You must be in Canada?
Yes it should be completely sealed.


----------



## Jwinston (Jan 25, 2017)

Yes. I live in Canada. What kind of product can I use to seal the plastic at the bases? Is it some kind of caulking?  My one year Tarion is not over yet. Maybe this is something the builder can fix.


----------



## nealtw (Jan 25, 2017)

http://www.lepage.ca/en/lepage-products/sealant-construction-sealant/pl-sealant/vapour-sealant.html


----------



## kok328 (Jan 26, 2017)

Jwinston said:


> Yes. I live in Canada. What kind of product can I use to seal the plastic at the bases? Is it some kind of caulking?  My one year Tarion is not over yet.

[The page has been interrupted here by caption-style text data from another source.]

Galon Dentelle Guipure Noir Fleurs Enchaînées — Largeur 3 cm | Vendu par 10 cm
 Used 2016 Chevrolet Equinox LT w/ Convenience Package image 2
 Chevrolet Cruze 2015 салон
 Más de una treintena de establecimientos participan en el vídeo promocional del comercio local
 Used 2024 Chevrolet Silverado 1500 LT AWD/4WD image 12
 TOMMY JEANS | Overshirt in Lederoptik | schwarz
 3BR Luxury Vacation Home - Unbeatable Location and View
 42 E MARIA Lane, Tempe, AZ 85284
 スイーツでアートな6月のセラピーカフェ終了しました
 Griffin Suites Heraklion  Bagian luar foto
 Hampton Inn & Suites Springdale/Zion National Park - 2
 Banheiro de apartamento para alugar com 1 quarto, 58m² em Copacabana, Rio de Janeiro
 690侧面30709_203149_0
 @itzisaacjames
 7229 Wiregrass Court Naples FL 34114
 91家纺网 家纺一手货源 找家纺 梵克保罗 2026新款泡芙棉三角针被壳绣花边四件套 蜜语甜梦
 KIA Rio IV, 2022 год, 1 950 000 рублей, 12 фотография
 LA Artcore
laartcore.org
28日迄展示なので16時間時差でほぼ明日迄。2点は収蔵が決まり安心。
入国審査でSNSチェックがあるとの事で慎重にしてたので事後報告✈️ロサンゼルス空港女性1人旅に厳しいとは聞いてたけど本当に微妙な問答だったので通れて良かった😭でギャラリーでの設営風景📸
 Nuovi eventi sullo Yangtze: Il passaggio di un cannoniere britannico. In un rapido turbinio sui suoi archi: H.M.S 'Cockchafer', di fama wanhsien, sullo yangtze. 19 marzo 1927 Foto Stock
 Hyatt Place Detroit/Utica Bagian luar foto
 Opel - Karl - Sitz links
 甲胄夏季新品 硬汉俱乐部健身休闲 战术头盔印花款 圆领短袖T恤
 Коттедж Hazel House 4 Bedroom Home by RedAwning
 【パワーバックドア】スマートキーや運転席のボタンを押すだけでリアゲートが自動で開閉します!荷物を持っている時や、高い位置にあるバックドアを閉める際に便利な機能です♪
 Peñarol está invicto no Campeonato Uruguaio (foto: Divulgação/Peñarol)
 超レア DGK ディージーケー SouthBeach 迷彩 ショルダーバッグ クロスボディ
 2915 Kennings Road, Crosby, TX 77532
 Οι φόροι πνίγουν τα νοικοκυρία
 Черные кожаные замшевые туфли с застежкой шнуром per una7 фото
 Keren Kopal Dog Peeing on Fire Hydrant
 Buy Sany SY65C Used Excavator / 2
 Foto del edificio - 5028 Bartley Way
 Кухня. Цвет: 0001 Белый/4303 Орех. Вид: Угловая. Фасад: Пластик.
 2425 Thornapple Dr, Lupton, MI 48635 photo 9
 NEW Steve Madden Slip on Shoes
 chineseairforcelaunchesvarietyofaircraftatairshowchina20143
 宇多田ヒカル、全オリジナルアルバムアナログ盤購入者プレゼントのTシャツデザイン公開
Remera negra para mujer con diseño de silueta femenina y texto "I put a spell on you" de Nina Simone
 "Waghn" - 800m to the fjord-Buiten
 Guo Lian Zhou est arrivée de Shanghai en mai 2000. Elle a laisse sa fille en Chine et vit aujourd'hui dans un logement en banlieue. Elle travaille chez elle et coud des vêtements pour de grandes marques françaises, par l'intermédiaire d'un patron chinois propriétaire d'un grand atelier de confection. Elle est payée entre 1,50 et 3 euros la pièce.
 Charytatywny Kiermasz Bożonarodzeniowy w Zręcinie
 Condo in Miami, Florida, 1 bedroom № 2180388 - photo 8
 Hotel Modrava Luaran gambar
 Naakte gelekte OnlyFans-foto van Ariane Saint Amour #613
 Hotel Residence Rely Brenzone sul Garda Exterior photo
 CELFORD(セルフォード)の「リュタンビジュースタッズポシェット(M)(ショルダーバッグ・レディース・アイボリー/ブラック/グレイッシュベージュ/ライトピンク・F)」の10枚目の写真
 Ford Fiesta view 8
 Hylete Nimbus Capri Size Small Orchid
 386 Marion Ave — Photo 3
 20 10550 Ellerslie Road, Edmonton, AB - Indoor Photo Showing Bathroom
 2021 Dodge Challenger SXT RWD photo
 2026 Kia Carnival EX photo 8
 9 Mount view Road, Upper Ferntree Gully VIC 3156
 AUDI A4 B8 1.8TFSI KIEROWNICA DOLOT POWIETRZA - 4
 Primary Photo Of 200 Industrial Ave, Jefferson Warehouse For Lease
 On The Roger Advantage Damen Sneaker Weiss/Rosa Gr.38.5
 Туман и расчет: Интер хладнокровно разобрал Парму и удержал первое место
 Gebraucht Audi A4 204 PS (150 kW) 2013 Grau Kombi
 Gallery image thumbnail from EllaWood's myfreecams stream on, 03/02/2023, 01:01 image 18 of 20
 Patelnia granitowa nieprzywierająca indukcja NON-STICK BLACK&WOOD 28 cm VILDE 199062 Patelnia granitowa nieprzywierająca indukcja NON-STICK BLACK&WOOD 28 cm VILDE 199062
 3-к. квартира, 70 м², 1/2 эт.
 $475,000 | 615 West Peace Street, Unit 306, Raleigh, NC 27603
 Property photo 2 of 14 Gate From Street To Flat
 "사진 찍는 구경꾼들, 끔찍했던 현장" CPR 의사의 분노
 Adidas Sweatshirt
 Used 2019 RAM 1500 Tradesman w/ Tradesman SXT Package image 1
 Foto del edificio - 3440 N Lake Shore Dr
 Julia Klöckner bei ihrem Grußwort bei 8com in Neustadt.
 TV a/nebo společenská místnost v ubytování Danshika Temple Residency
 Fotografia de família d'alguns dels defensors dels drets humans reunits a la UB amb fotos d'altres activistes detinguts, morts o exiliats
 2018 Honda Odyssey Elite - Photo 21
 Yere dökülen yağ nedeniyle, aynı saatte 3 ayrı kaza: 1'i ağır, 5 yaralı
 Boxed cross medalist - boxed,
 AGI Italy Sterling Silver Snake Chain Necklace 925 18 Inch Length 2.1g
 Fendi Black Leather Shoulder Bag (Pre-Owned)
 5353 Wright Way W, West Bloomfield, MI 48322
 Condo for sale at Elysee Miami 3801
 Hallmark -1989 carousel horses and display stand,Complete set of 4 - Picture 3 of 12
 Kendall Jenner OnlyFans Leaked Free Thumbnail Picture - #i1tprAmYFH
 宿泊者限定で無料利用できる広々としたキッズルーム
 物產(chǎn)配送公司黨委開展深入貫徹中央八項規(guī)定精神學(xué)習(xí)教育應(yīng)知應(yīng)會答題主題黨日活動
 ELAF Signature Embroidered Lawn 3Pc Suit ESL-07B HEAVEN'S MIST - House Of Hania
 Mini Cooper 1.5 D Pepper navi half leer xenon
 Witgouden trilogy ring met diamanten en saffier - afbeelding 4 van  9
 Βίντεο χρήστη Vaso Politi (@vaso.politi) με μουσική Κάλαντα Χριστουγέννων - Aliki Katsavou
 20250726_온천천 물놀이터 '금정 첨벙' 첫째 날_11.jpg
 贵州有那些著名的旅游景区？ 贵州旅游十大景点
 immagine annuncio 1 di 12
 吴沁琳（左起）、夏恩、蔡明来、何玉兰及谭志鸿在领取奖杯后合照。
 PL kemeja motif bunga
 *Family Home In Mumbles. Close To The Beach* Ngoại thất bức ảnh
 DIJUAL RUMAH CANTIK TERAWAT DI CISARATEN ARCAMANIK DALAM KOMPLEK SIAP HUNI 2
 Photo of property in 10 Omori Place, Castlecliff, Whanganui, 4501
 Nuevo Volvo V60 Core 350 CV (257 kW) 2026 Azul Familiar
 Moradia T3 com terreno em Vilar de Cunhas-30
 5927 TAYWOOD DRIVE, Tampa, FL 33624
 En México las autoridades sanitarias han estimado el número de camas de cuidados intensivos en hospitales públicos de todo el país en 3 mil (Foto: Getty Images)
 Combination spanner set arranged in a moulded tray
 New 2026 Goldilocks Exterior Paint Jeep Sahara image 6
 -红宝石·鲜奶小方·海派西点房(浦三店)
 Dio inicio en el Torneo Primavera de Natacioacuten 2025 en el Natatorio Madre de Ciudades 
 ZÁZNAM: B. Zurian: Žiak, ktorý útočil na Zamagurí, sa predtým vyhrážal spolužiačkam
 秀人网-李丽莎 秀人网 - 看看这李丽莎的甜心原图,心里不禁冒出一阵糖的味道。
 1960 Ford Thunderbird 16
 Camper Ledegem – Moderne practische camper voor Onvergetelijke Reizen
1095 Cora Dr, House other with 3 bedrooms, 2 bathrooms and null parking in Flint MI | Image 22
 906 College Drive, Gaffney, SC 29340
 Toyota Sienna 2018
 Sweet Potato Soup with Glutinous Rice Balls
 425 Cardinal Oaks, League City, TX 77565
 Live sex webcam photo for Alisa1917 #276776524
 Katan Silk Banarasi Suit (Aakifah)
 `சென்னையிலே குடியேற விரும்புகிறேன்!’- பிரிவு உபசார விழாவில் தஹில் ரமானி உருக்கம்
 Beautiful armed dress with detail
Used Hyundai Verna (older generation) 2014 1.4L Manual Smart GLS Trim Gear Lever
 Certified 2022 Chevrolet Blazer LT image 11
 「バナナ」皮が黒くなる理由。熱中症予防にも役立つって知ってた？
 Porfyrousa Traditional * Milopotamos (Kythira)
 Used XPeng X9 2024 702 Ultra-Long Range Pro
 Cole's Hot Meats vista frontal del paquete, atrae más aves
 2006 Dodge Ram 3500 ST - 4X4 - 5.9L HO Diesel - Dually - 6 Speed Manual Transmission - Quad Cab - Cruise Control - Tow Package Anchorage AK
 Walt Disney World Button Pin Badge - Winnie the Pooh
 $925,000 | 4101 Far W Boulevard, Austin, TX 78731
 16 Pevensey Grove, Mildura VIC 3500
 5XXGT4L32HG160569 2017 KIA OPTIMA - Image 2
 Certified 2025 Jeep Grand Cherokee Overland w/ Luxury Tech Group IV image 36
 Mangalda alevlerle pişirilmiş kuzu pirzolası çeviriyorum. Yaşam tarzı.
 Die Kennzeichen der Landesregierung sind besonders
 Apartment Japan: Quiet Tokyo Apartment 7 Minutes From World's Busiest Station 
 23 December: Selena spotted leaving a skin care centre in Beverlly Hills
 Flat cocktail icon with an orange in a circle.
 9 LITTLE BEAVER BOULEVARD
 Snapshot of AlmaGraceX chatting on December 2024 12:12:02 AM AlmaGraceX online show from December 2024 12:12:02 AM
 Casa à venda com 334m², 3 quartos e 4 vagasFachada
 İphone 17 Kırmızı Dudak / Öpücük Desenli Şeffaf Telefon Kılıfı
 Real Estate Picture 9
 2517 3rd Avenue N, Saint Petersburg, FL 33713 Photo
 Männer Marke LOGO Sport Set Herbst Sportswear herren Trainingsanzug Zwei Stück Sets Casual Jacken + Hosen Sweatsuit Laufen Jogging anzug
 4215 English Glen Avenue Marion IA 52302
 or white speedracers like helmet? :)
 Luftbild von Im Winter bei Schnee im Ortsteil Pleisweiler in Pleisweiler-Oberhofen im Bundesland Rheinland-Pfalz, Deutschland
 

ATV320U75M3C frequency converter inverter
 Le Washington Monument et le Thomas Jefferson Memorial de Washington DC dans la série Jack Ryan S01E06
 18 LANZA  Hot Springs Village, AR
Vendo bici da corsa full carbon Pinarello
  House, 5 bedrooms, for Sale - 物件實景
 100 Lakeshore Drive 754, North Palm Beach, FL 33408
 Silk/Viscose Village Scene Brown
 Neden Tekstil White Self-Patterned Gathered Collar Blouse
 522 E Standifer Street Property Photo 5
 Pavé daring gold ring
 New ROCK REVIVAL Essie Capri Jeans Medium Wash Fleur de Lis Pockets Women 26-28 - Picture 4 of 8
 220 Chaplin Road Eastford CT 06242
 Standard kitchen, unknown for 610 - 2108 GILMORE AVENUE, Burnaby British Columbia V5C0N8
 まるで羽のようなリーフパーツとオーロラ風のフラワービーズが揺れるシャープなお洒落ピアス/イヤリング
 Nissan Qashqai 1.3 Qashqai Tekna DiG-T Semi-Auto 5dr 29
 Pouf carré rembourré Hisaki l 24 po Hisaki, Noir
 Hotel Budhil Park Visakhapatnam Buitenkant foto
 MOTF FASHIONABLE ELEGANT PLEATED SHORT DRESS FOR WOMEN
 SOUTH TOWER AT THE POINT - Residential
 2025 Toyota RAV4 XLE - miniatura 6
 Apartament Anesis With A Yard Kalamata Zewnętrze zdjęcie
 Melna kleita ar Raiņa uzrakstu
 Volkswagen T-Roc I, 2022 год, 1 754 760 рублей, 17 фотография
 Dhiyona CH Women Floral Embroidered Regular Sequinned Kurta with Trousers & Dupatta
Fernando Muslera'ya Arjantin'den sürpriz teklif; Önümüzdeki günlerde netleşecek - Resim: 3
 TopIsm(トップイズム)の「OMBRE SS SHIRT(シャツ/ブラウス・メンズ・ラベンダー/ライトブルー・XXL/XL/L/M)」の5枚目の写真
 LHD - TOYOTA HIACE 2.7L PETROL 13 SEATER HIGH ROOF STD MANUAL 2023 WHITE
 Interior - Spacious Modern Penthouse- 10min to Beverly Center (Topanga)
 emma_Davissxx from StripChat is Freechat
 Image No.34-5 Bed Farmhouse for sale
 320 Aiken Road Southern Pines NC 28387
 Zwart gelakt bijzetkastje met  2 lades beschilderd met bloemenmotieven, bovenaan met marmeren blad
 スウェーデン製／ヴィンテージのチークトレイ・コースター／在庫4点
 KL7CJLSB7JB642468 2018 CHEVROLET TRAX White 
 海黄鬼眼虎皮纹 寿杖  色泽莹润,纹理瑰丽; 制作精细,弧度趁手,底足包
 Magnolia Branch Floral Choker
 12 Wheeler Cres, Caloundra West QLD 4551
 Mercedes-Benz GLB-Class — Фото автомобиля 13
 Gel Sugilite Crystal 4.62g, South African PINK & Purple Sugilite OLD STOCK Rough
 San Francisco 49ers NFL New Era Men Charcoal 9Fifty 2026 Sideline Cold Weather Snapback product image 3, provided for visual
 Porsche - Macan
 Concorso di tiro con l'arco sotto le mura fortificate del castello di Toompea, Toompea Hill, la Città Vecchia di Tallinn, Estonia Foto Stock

Maybe this is something the builder can fix.



Silicon or a product called Quad available at big box stores.


----------



## nealtw (Jan 26, 2017)

kok328 said:


> Silicon or a product called Quad available at big box stores.



The link I gave him is the stuff he has now, that's the normal up here.


----------



## Jwinston (Feb 17, 2017)

Thanks for the replies guys. Much appreciated


----------



## Jwinston (Mar 23, 2017)

Hello guys. Yesterday I noticed light condensation in the basement corner, right behind the base stud between the floor and the wall. What do you guys think? is thins a common occurrence? I took a pic behind the stud, right at the junction between the floor and the wall.


----------



## nealtw (Mar 23, 2017)

If you have air leaks that allow warm moist air to get behind the insulation and contact cold concrete you will get condensation.
Tape a square of sheet plastic to the the area in question. moisture on the surface of that plastic would be condensation, moisture on the backside would be coming thru the concrete.


----------



## slownsteady (Mar 23, 2017)

Following up on Neal's suggestion; you tape the square of plastic to the concrete wall. Tape all four sides.


----------



## Jwinston (Mar 23, 2017)

Thanks nealtw and slownsteady. The vapor does appear on the backside of the plastic. So it seems to come from the outside. Do you think that maybe I should open that area and let it dry out? Is this a common occurrence?


----------



## nealtw (Mar 23, 2017)

Jwinston said:


> Thanks nealtw and slownsteady. The vapor does appear on the backside of the plastic. So it seems to come from the outside. Do you think that maybe I should open that area and let it dry out? Is this a common occurrence?



Water does not usually leak thru solid concrete but it will wick thru it from cold to warm.


----------



## stadry (Oct 6, 2017)

*barrier tape's usually used by pro's - we buy ours on eBay*


----------



## nealtw (Oct 6, 2017)

stadry said:


> *barrier tape's usually used by pro's - we buy ours on eBay*



They seal almost anything up here with that black crap, but they use tape where it will stick.


----------



## stadry (Oct 9, 2017)

*on walls, we use nailed-on p/t'd 1x2's for termination strips*


----------